Q: Nevertheless, there are works presented in your Encyclopedia that have not been seen in major journals. Some works have appeared for the first time.
A: Yes, Malevich, for example.
Q: You refer to the picture Suprematism of the Spirit (1919-1920) from a private collection?
A: Yes, this has been confirmed as a Malevich, in my opinion, by attributions by art historians, among whom are such famous specialists as Charlotte Douglas, who lives in America. She is the president of the New York Malevich society.
Q: Under the title of Suprematism of the Spirit, we are aware of other items, including paintings from the Khardzhiev collection which surfaced in 1997 and fell into the Khardzhiev-Chaga collection at the Stedelijk Museum separately from the main part of the collection. What is all that about?
A: That’s an entirely different matter. The theme Suprematism of the Spirit was very important to Malevich in the years 1919-20, when he was in Vitebsk. I think that this picture is from there, when he decided that painting was no longer necessary to him. At that moment he created suprematism, discovered the main thing in painting – white on white – and understood that painting was pretty much dead. He occupied himself with theory and created various forms, such as Suprematism of the Spirit, for his students. Malevich has several Suprematisms – one with Khardzhiev, the work in our Encyclopedia which was once published in German catalogues, and there even is a lithograph, it was produced in 1920 in the Unovis almanac.
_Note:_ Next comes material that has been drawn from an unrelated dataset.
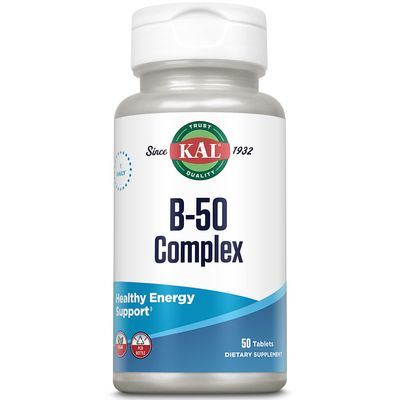 KAL B 50 Complex, B Complex Vitamins for Energy, Metabolism, Red Blood Cell Synthesis and Immune Support, with Vitamin B12, B6, Folic Acid and Other B Vitamins, Vegan, 50 Servings, 50 Tablets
This almanac came out as a limited run, and only two or three copies have reached us in the shape of manuscripts, where printed texts were cut up with scissors and pasted into an album with large pages, in which appear colour reproductions. One example is stored at the Tretyakovka, while the others are in some private collections in France.
[Translated loosely from Tatyana Yershova, «Мы вытащили имена, о которых все забыли»: Как искусство русского авангарда собрали в энциклопедию. Lenta.ru, Nov 28, 2013.]